Il momento più atteso dell’anno per ogni appassionato di cinema americano è la Award season, cioè la stagione dei premi che inizia a novembre con i Gotham Awards e che giunge al suo culmine con gli Academy Awards, meglio conosciuti come Oscar. Gli Oscar sono premi che attirano l’attenzione da ogni punto di vista, non solo da quello strettamente cinematografico o da quello di costume, in quanto la cerimonia stessa, sia per i momenti particolari che per il red carpet, ha una risonanza in grado di produrre discorsi anche per i mesi successivi. Ma com’è nato questo premio?


Iniziamo con una piccola contestualizzazione storica: ci troviamo alla fine degli anni ’20, un decennio di grande espansione economica dove i capitali investiti nell’industria cinematografica schizzano alle stelle. Gli spettatori e i prodotti hollywoodiani aumentano sempre di più e ciò porta alla nascita di un’organizzazione dell’industria cinematografica di tipo verticale, dove le grandi società (tra le quali figurano le tuttora operative Paramount e Metro Goldwyn Mayer) concentrano in sé produzione, distribuzione ed esercizio con il possesso di catene di sale cinematografiche. È il periodo inoltre in cui si consolida lo stile hollywoodiano classico, caratterizzato da un utilizzo delle luci artificiali che ammorbidisce le ombre e dall’effetto flou, che crea immagini soffuse sui tipici primi piani delle dive. Protagonisti del cinema del tempo erano sicuramente registi come Cecil B. De Mille, Charlie Chaplin e il pioniero del western John Ford, ma anche grandi dive come Lillian Gish e Greta Garbo.



In un clima così fiorente per l’industria cinematografica hollywoodiana nel 1927 nasce l’AMPAS, l’Academy of Motion Picture Arts and Science ad opera di Louis B. Mayer, all’epoca direttore della Metro Goldwyn Mayer che inizialmente intendeva fondare un’organizzazione per risolvere le controversie legate al lavoro in ambito cinematografico. Ben presto però, i membri fondatori si distaccarono da questo progetto e nel 1928 al suo interno iniziarono a nascere dei comitati dei “Premi al merito” che da uno diventarono ben dodici accompagnati dalle istruzioni sulla nomina, il voto e la selezione dei vincitori. Il 16 maggio 1929 presso l’Hollywood Roosevelt Hotel in una cerimonia di soli 15 minuti e all’attenzione di 270 persone furono consegnate 15 statuette per i meriti in ambito cinematografico per gli anni ‘27 e ‘28: nasce così la prima cerimonia degli Oscar.
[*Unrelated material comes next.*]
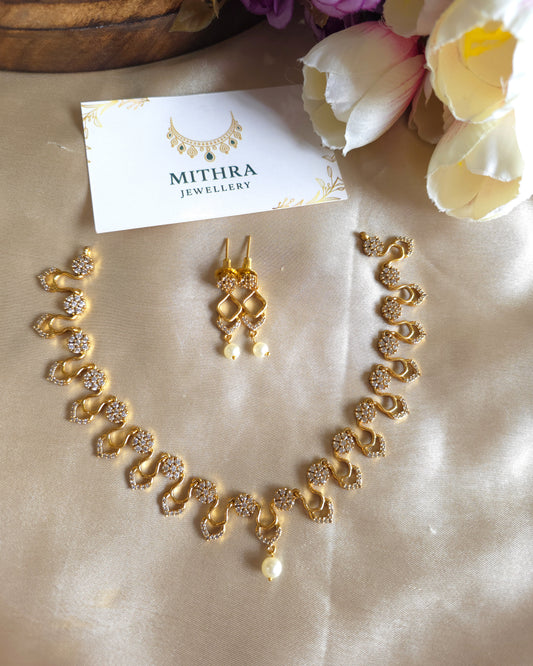 Graceful Waves: Scalloped Zirconia & Pearl Drop Set MJ1056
L’organizzazione fondata da Mayer inizialmente comprendeva i professionisti di 5 branche dell’industria cinematografica, cioè attori, registi, sceneggiatori, tecnici e produttori i quali in numero complessivo di 36 sono considerati i co-fondatori dell’AMPA. Tra questi, un’unica donna, Mary Pickford star del cinema muto, grande donna d’affari e fondatrice insieme a Charlie Chaplin, David W. Griffith e il marito Douglas Fairbanks della compagnia di produzione e distribuzione United Artists, acquisendo un enorme potere di autofinanziamento e di gestione dei propri film, inedito per il sistema concentrato dell’epoca.



Ad oggi, le branche dell’Academy sono 17 e i membri al 2019 8.733, un enorme ampliamento se si pensa ai soli 36 del 1929! Per accedere all’Academy non sono previste autocandidature, ma bisogna attendere l’invito del Board of Governors, il consiglio di ogni ramo: tra i principali requisiti, che di fatto non sono fissi per ogni branca, bisogna essere attivi nel campo cinematografico e possedere qualifiche decise dal Consiglio. In passato si poteva diventare membri dell’Academy solamente se si era stati candidati almeno una volta agli Oscar, regola ormai in disuso che ha aumentato considerabilmente la portata dei membri permettendone anche un ricambio generazionale.


È introvabile una lista completa di chi faccia parte dell’organizzazione, ma ogni anno trapelano gli inviti: per il 2019 per esempio figurano i nomi di Tom Holland, Elizabeth Moss e Claire Foy e per gli italiani Carlo Verdone, Matteo Garrone e Giancarlo Giannini. Dei nuovi invitati, inoltre, in nome della diversità dopo le controversie degli Oscar 2016, il 50% è donna e il 29% è composto da persone non-bianche: in ogni caso però se tutte le proposte accettassero l’invito, questo non cambierebbe di molto la portata complessiva di diversità dell’intera organizzazione.


Non si può essere certi se l’ampliamento dei votanti poi si rifletta effettivamente sui risultati degli Oscar, ma per qualcuno la risposta è affermativa: testimone è la vittoria di Moonlight come Miglior film agli Oscar 2017, la candidatura di Get Out nel 2018 e per il 2019 le nomination di Black Panther e BlacKkKlansman, vincitore del premio per la Migliore sceneggiatura non originale.


Dando però un’occhiata alle nomination per gli Oscar 2020, sembra quasi che questo percorso verso una maggiore inclusività si sia arrestato: Greta Gerwig è l’unica regista donna ad essere candidata e Cynthia Erivo e Bong Joon-ho sono invece gli unici due nominati non-bianchi. Quale può essere però la causa di questa involuzione?


Certamente non sono le candidature agli Oscar a dimostrare lo sviluppo inclusivo di una società e muovendoci nel panorama politico critico che è quello americano non c’è molto da stupirsi dei risultati. Quello che emerge è che questi premi, nati per promuovere i meriti nell’ambito cinematografico, più che mai sono l’espressione di un’élite che -nonostante gli apparenti sforzi- ancora fatica a dare i giusti riconoscimenti a chi lo merita a prescindere dal genere e dal colore della pelle.